[[ Source material, beginning ]]

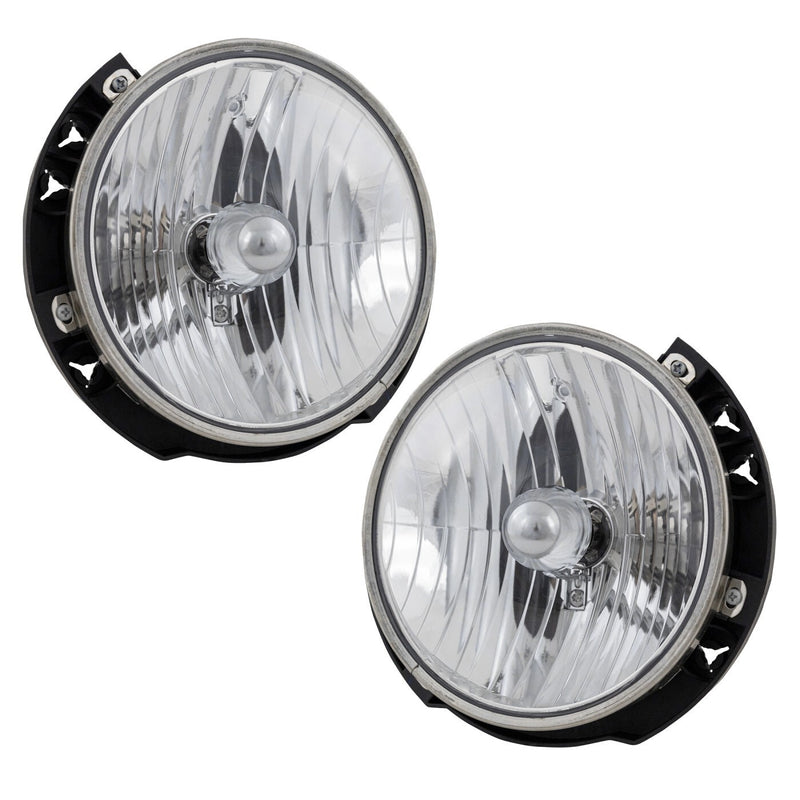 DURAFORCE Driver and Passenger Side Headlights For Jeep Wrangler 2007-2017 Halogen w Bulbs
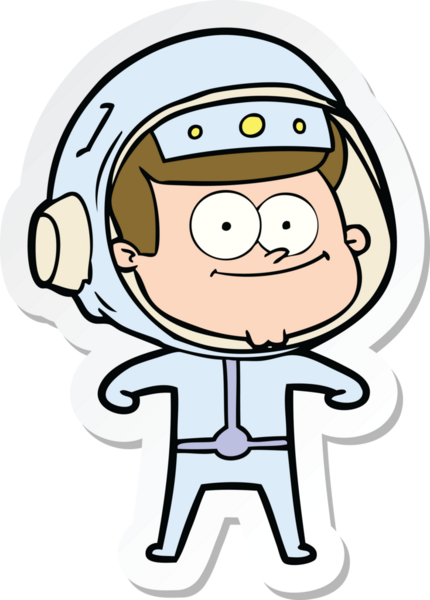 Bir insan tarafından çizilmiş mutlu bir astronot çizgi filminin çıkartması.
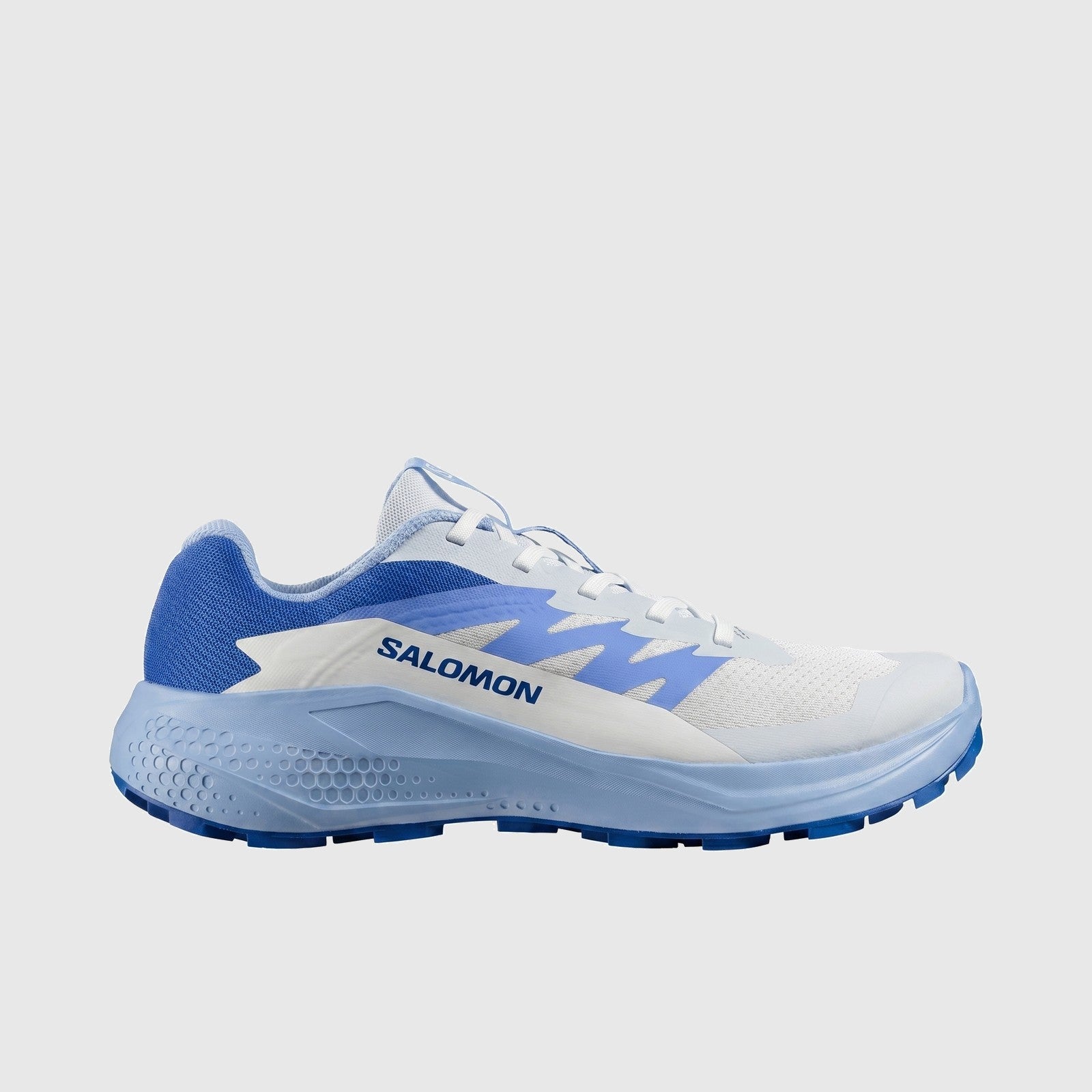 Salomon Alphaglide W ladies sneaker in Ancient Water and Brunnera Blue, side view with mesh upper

[[ Source material, end ]]
[[ Source material, beginning ]]

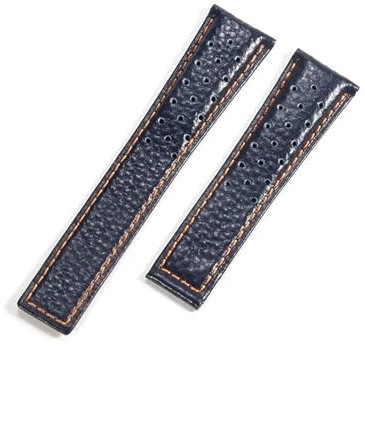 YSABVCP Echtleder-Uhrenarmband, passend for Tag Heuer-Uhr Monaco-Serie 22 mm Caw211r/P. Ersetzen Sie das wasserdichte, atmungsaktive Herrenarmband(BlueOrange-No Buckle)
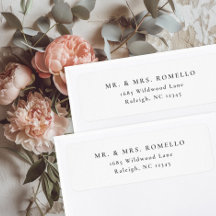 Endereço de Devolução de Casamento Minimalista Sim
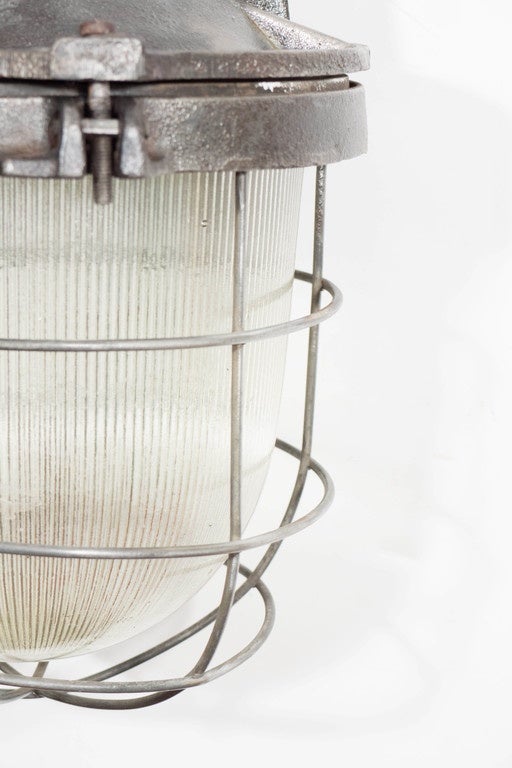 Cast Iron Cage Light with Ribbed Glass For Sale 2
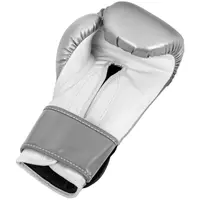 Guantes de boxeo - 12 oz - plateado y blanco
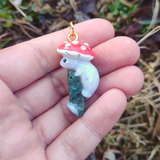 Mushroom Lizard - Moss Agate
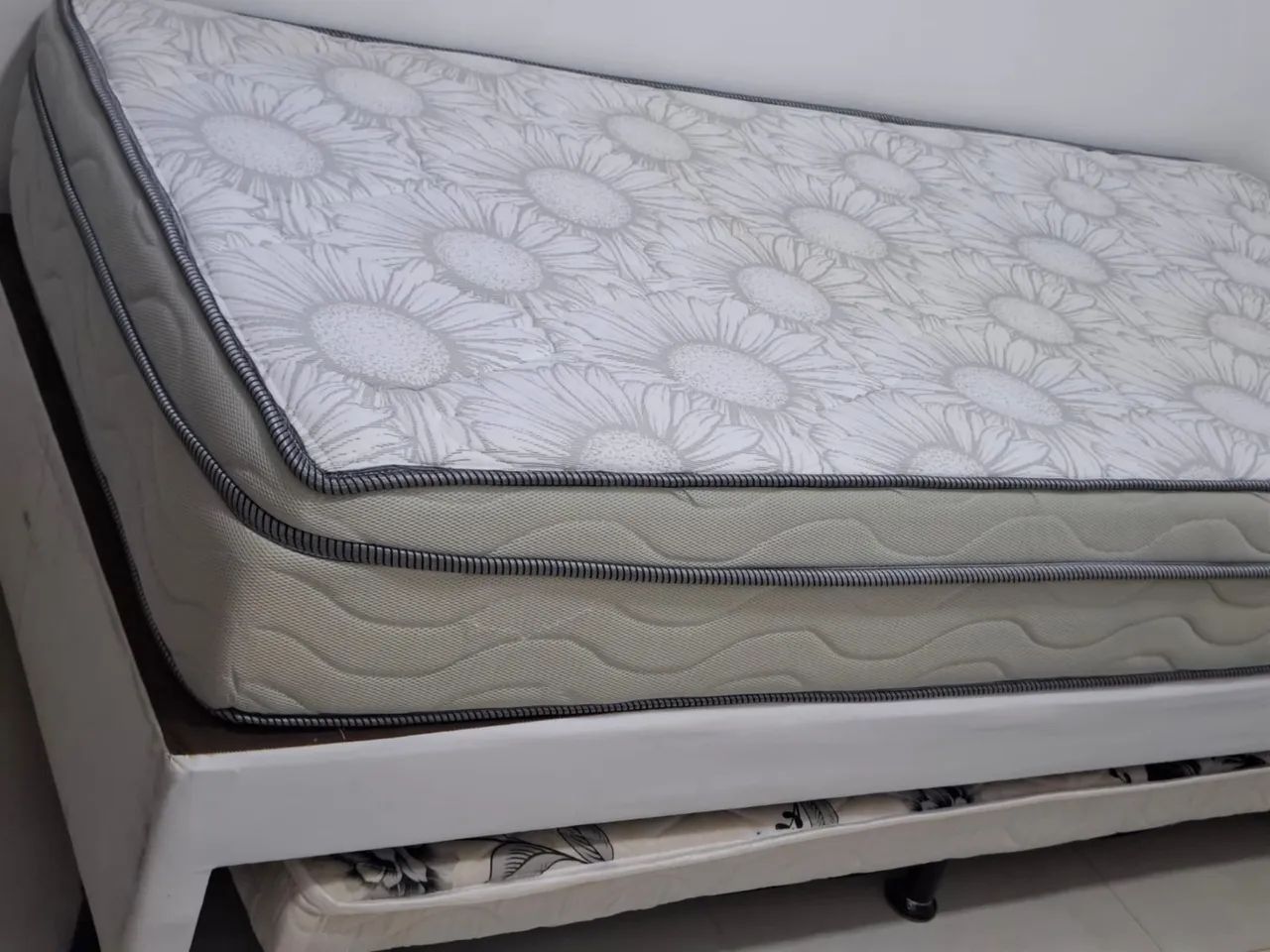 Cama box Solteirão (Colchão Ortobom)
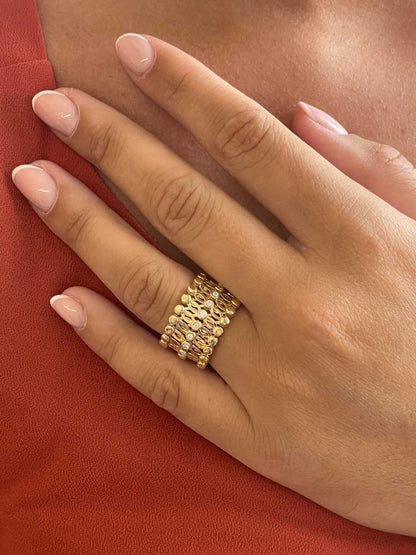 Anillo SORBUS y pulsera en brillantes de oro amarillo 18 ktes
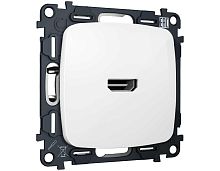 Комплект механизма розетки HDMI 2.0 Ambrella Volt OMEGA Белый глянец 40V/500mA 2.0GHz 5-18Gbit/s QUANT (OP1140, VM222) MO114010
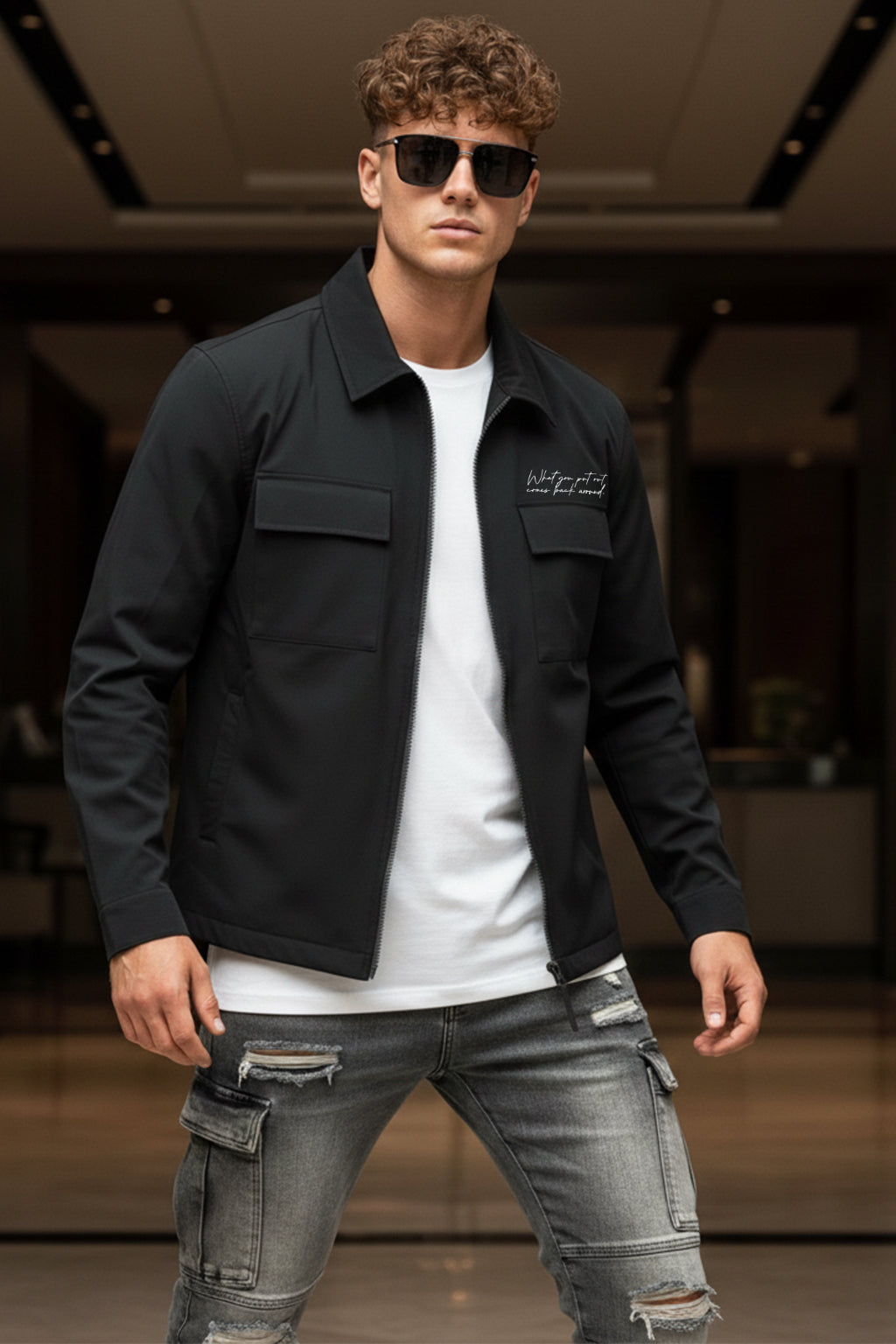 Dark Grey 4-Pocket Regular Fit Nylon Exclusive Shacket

[[ Source material, end ]]

• **Activity**
Start at the line containing "Cast Iron Cage" above and stop at the line containing "Dark Grey 4-Pocket". Output those lines exactly, both included, but none of the pictures.

• **Your response**
 Cast Iron Cage Light with Ribbed Glass For Sale 2
 Guantes de boxeo - 12 oz - plateado y blanco
 Mushroom Lizard - Moss Agate
 Cama box Solteirão (Colchão Ortobom)
 Anillo SORBUS y pulsera en brillantes de oro amarillo 18 ktes
 Комплект механизма розетки HDMI 2.0 Ambrella Volt OMEGA Белый глянец 40V/500mA 2.0GHz 5-18Gbit/s QUANT (OP1140, VM222) MO114010
 Dark Grey 4-Pocket Regular Fit Nylon Exclusive Shacket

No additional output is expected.